Resampling an array fast with numba


I have a function that takes in an array an returns an upsampled version of it by using linear interpolation between the existing data points. The input array has approximately 5000 elements. I would also like to implement a version that handles 2d arrays with shape ~(4000, 5000).
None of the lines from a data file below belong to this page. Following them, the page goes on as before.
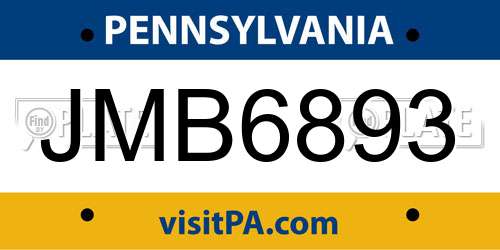 JMB6893 Pennsylvania License Plate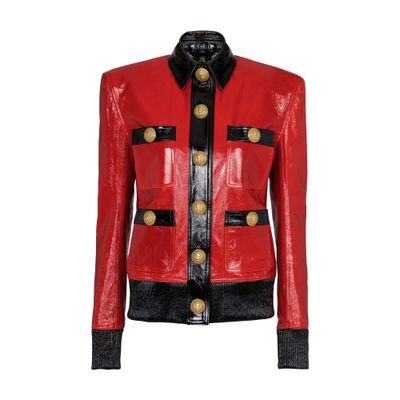 Balmain Two-tone patent leather jacket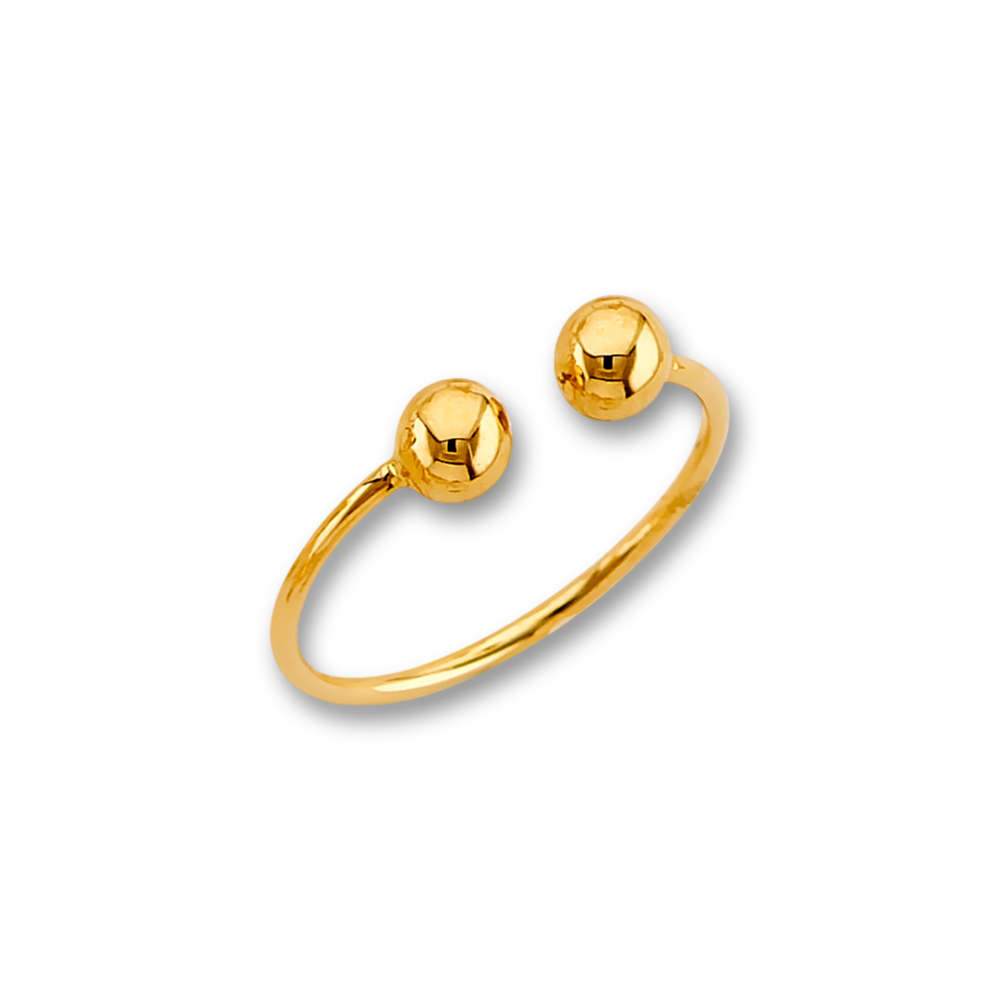 14K Yellow Gold Open Cuff Ball Ring on a plain white background, highlighting the open cuff style and smooth, polished ball ends.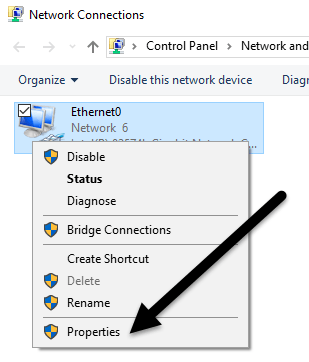 Propiedades del adaptador Ethernet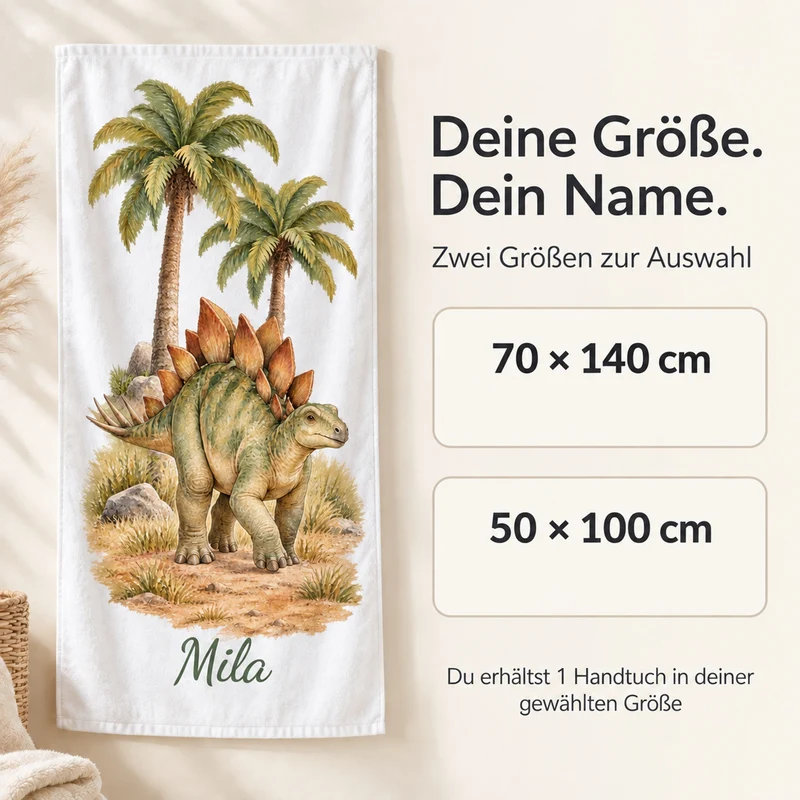 Handtuch Dinosaurier Stegosaurus in der Savanne mit Namen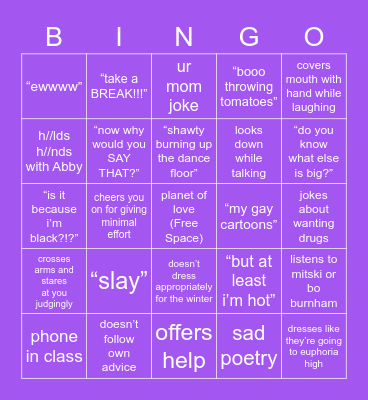 Venus Bingo Card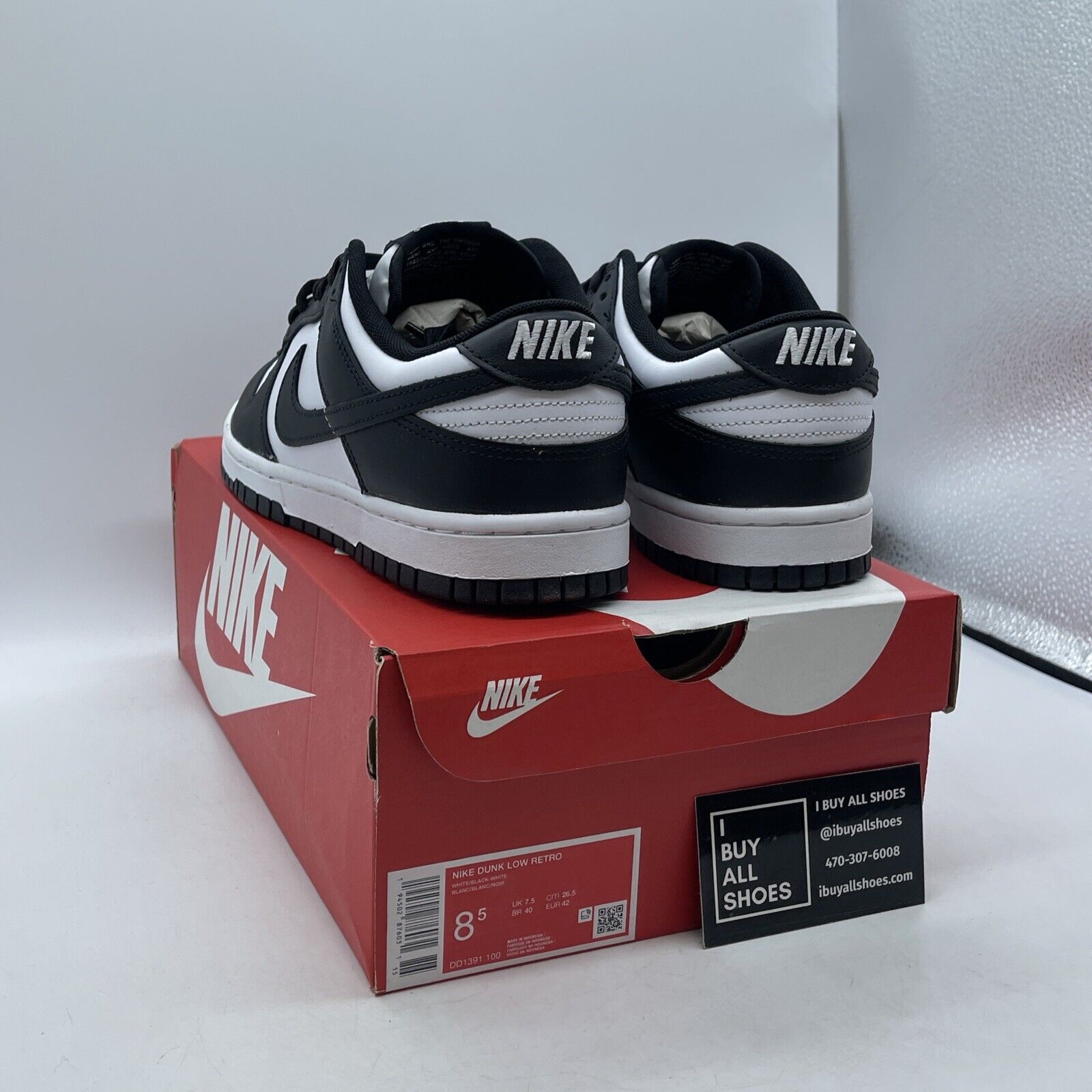 Size 8.5 - Nike Dunk Low Black White Suede Leather (DD1391-100)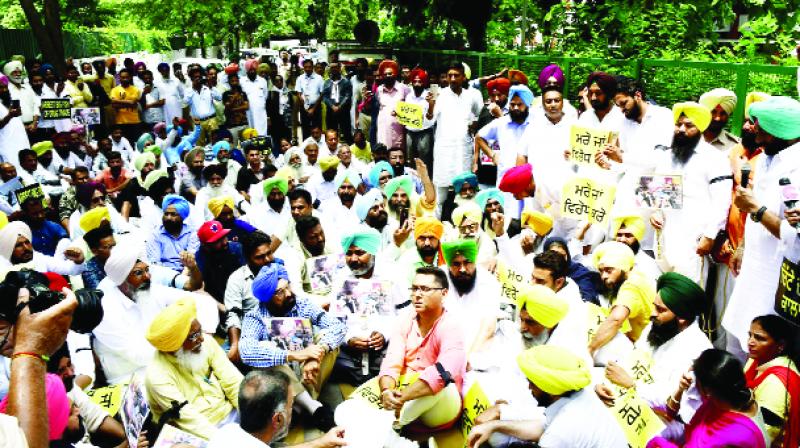 Addressing the Protest Rally Sukhpal Singh Khaira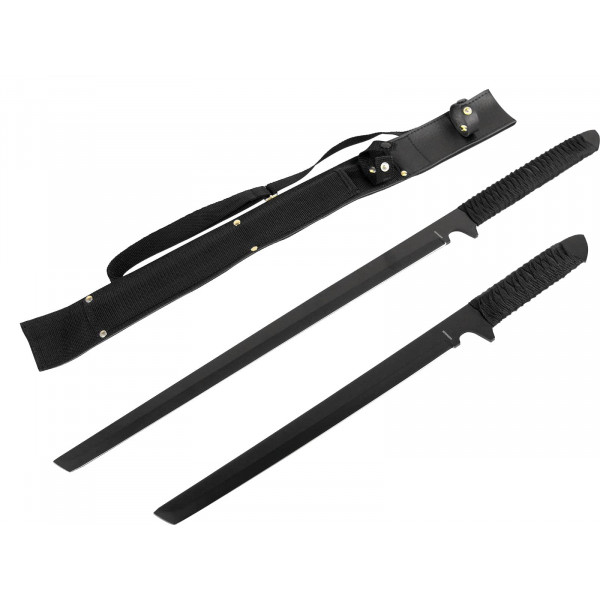 Munetoshi 2pc. Black/Gold/Silver/Rainbow Machete Set Shinobi con vaina y correa de nylon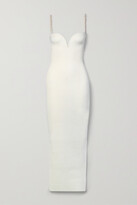 Thumbnail for your product : Galvan Thalia Faux Pearl-embellished Ribbed-knit Gown - White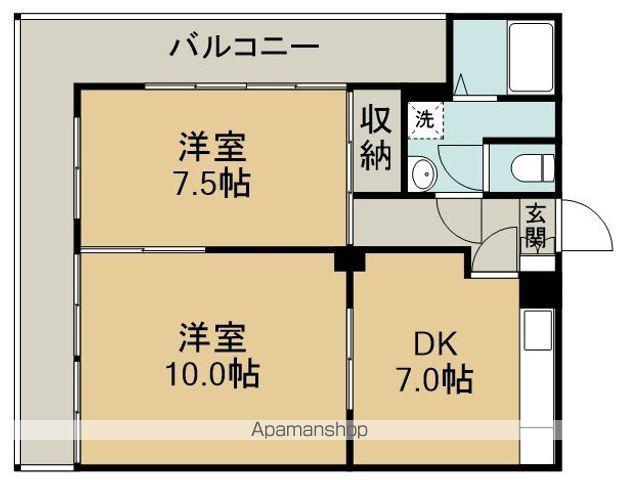 メゾンイシダ(2DK/3階)の間取り写真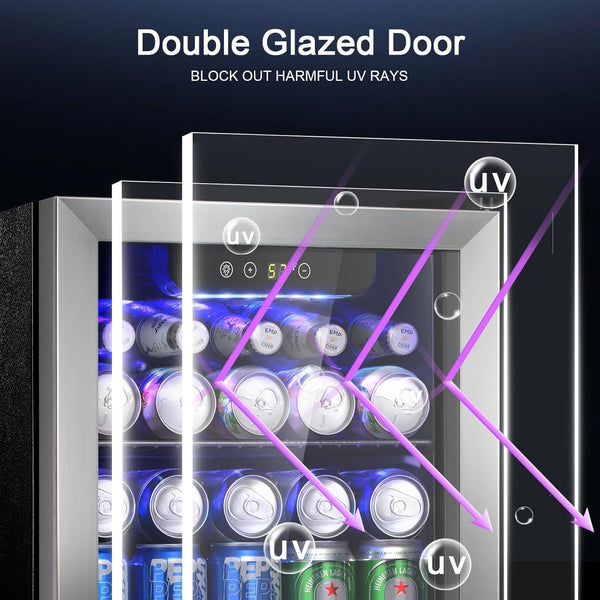 Beverage cooler with double-glazed UV-blocking door displaying bottles inside.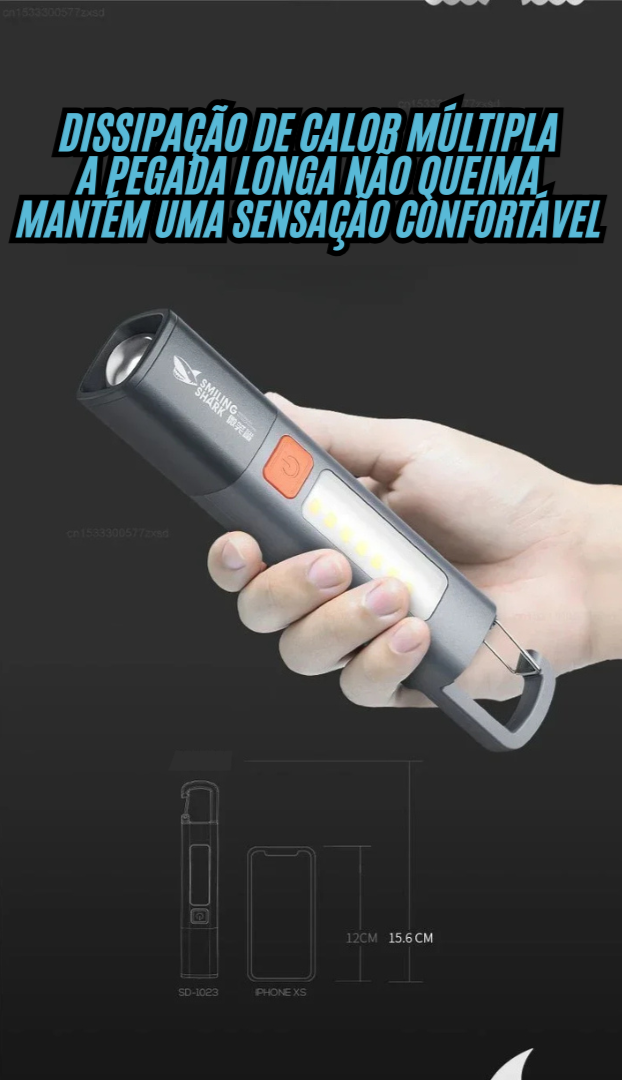 Lanterna Shark Pro a Prova d'Agua Modelo Premium Iluminação a Longa Distancia.
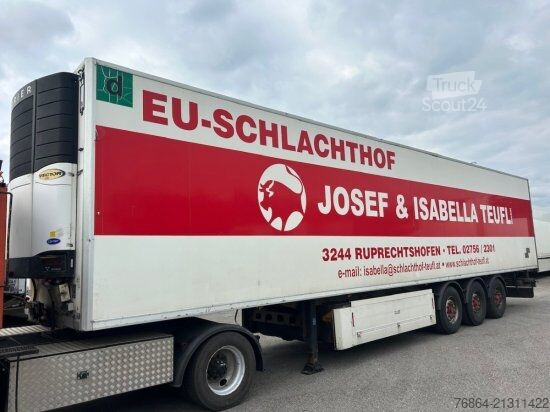 Semirremolque de plataforma baja MENCI FLEISCHKüHLER ROHRBAHNEN, LIFTACHSE, BPW, LIGHT WEIGHT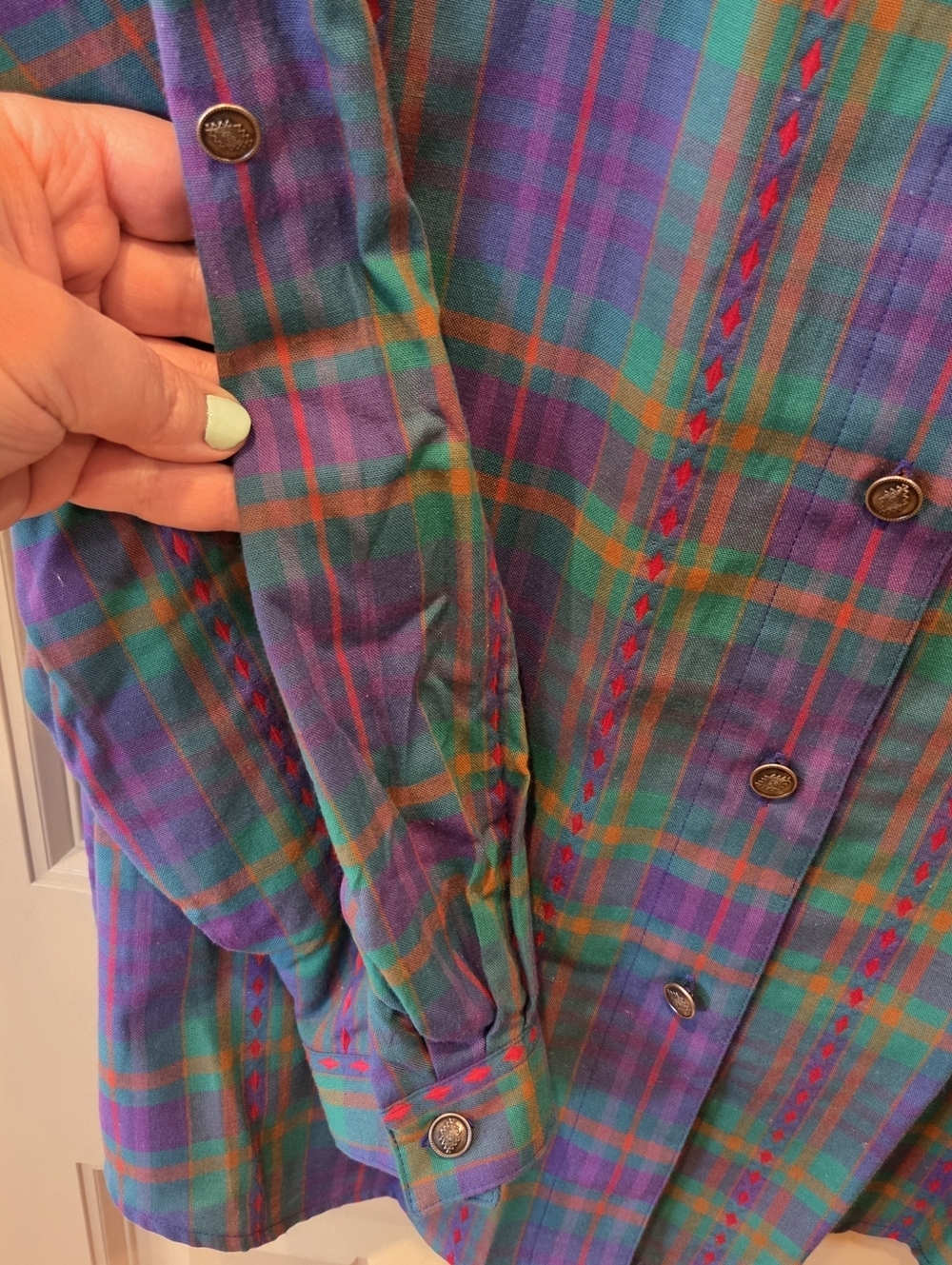 Vintage Koret City Blues Plaid Embroidered Shirt XL | Southwest Boho Button Dow - Picture 4 of 14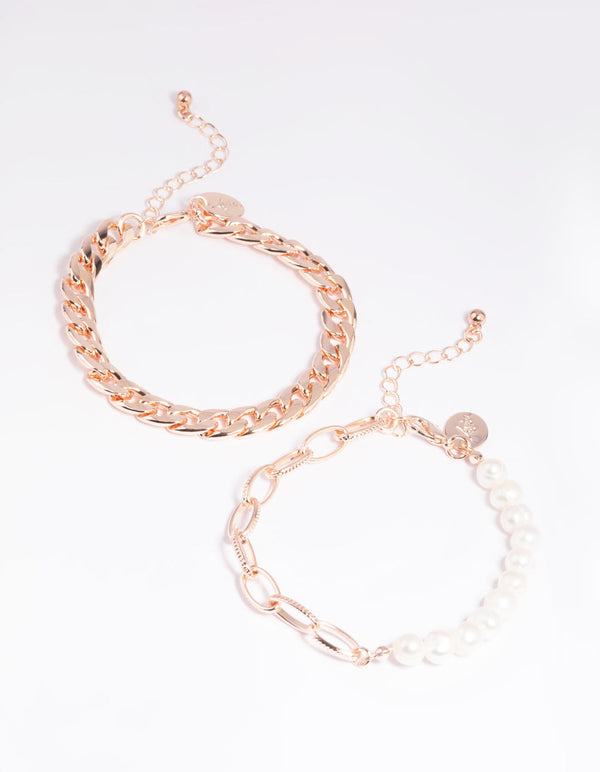 Rose Gold Freshwater Pearl Bracelet Set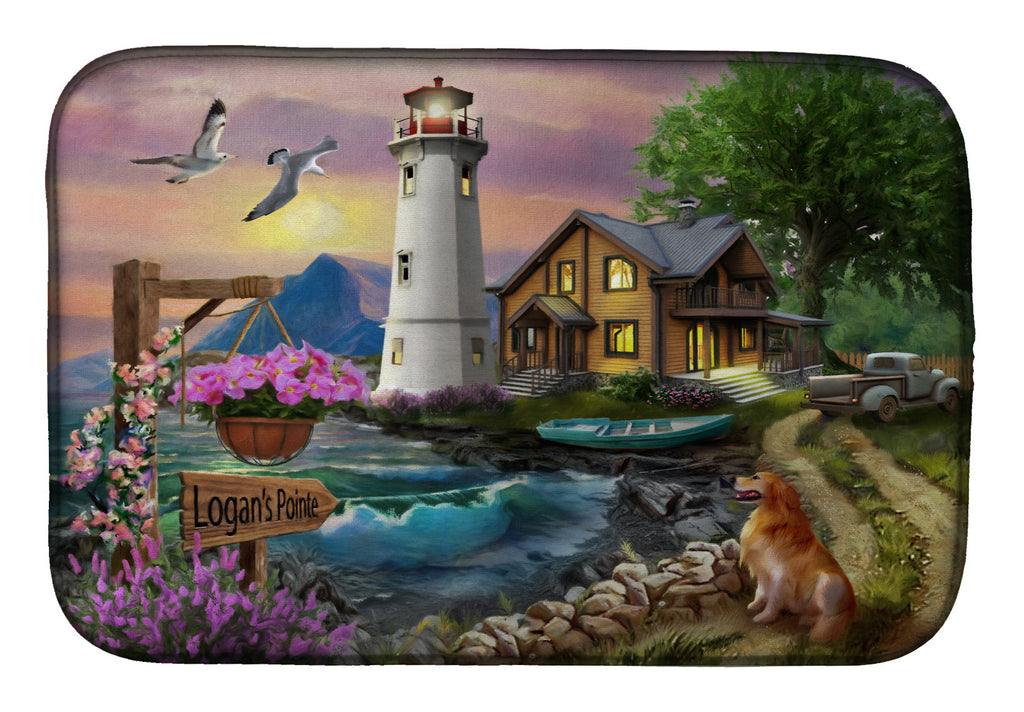 Logan's Pointe Lighthouse Golden Retriever Dish Drying Mat Absorbent Dish Drying Mat Pad for Kitchen Counter Dish Drainer Mat for Countertop, 14 x 21", Multicolor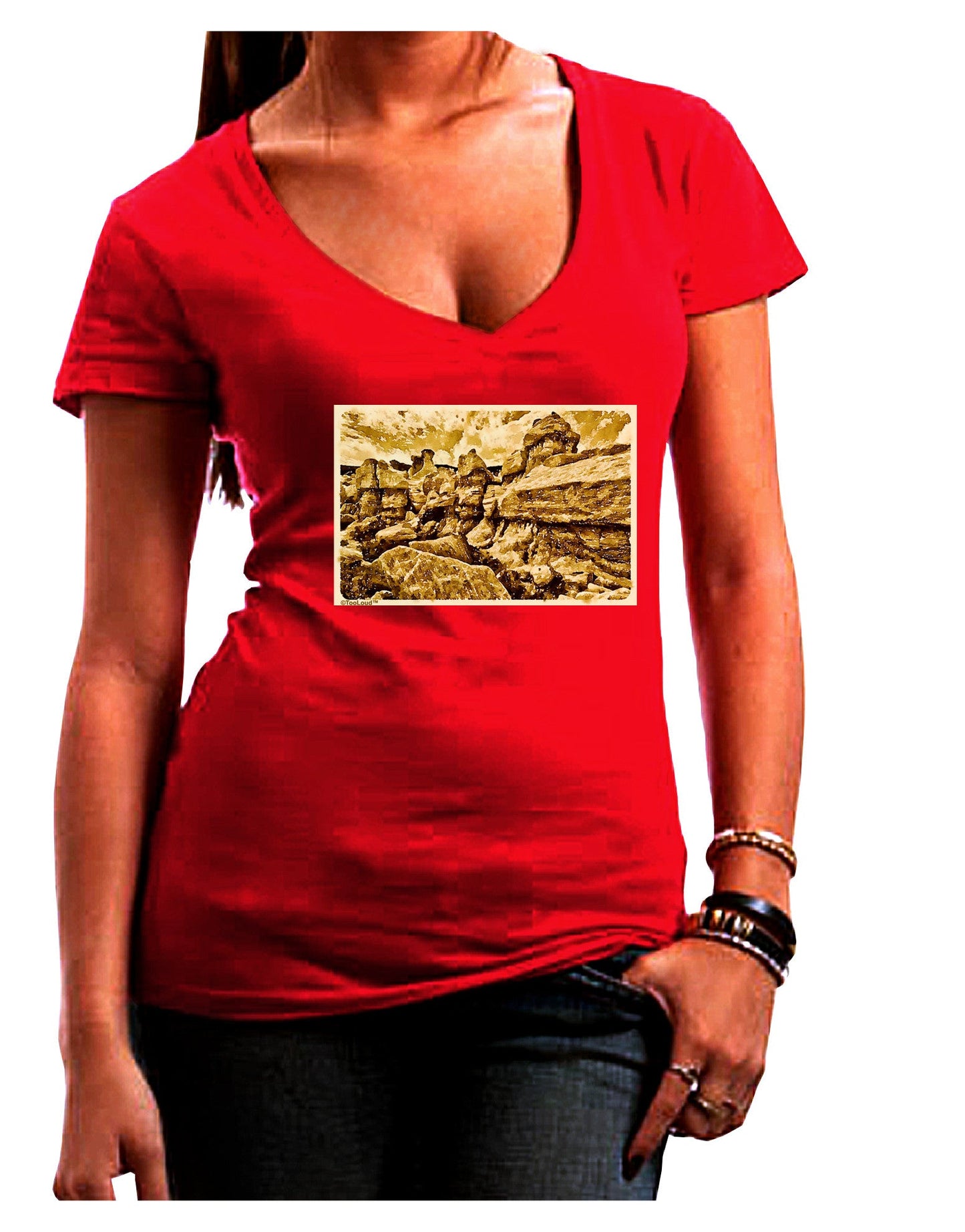 Watercolor Mountains Colorado Womens V-Neck Dark T-Shirt-Womens V-Neck T-Shirts-TooLoud-Red-Juniors Fitted Small-Davson Sales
Why is this function not faster with numba njit? It runs superfast on 1d arrays without numba. With numba.njit it takes much longer. Any advice is much appreciated!

import numpy as np
import numba as nb

@nb.njit
def sync_sampl(time_series, repeat=10):
    if time_series.ndim == 1:
        time_series = time_series.repeat(repeat)
        # from https://mail.python.org/pipermail/scipy-user/2010-November/027574.html
        # by Dharas Pothina
        x = time_series
        xtmp = x.copy()
        xtmp[1:] = x[1:] - x[:-1]
        x_idx = np.nonzero(xtmp)[0]
        x_vals = x[x_idx]
        x_new = np.interp(np.arange(len(x)), x_idx, x_vals)
        x_new = x_new[:-(repeat - 1) or None]  # removing last elements to not get straight line at the end.
        return x_new
    else:
        # Implement 2d version here?
        pass

Solution

  • Here are some tips to make the Numba code faster:

    • You can tell to Numba that the input array is contiguous (only if it is true) and pre-compile the function ahead of time not to pay expensive compilation times at runtime. Here is an example: @nb.njit('float[::1](float32[::1],int32)').
    • you can use the option parallel=True on @nb.njit to execute some Numpy function in parallel. However, most functions a not yet running in parallel with it. Still, you can run loops in parallel with that and nb.prange.
    • As said in the comments, Numba is often good with loops. Numba loops are not always faster because the compiled Numpy code tends to be better vectorized than the JIT code from Numba. However, loops enable you to avoid creating/filling/reading many temporary arrays making your code memory-bound. Well-optimized loops also often help to reduce the number of instructions required to perform a custom operations. In your case, the lines from xtmp = x.copy() to x_vals = x[x_idx] can be rewritten using one fast memory-efficient parallel loop (and so no temporary buffers).
    • Note that you can also use the option fastmath=True if you are sure that there is no NaN/+Inf/-Inf/-0 values in your code (and the need for exact IEEE-754 rules like rounding) to improve performance even further. Using 32-bit floats may help too despite the significant loss of precision.